Le challenge est inédit : « imaginez déposer une poignée de sable sur une table sans un faire un tas conique, que chaque grain puisse trouver sa place au sein d’une structure. Que la projection de cuivre à froid permette la production de pièces industrielles de toutes tailles, rentables et produites partout et rapidement », poursuit-il.

Au sein d’une équipe académique mondialement reconnue depuis les années 90 dans le domaine de la fabrication additive basée sur ces procédés et pour des pièces à géométrie complexes et à forte valeur ajoutée, un programme de recherche est mis en œuvre.

Une programmation dédiée

 

Le bras qui produira cette première sera celui d’un robot : les gestes doivent être précis, fonctions d’une stratégie et d’une technicité ultimes dans la maitrise des paramètres cinématiques : maitrise de la distance entre le robot et le support, angle de projection optimal pour ne pas dégrader la compacité de la matière déposée, vitesse de balayage, trajectoire fidèle à la stratégie de dépôt, couche par couche, millimètre par millimètre. D’abord le centre, puis les bords, enfin les trajectoires de transition entre les zones.

La chaine numérique permettant cette production est totalement innovante. Au bout du bras robotisé, à l’image du cerveau, une programmation sur les bases d’un logiciel de conception et fabrication assistées par ordinateur.

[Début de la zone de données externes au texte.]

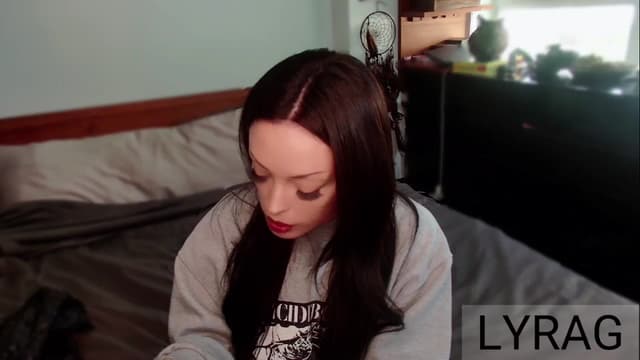 Gallery image thumbnail from LyraG's myfreecams stream on, 03/12/2025, 21:35 image 2 of 20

« Nous avons travaillé sur des extensions logicielles spécifiques à la projection thermique, permettant la programmation du robot et la définition automatique de trajectoire par le biais de génération d’algorithmes propres à chaque couche déposée. Aujourd’hui, la production de la pièce est possible à partir d’un simple fichier de CAO, sans étape complexe et longue intermédiaire. Nous poursuivons le développement de nouveaux modules dédiés à la projection à froid », souligne Sihao Deng.

Si la main a vu le jour en un peu plus d’une heure, l’histoire ne fait que commencer pour cet ancien doctorant de l’UTBM en robotique industrielle dédiée à la projection thermique. « Le rendement de matière de plus de 90%, la rapidité et le coût de production de pièces ouvrent aux industriels des champs de développements majeurs pour la production ou la réparation de pièces industrielles, sans limite de dimension et sans recours à des atmosphères protectrices ».

Une première dans le domaine de la fabrication additive. Une fierté pour l’Université de Technologie de Belfort-Montbéliard et ses partenaires industriels.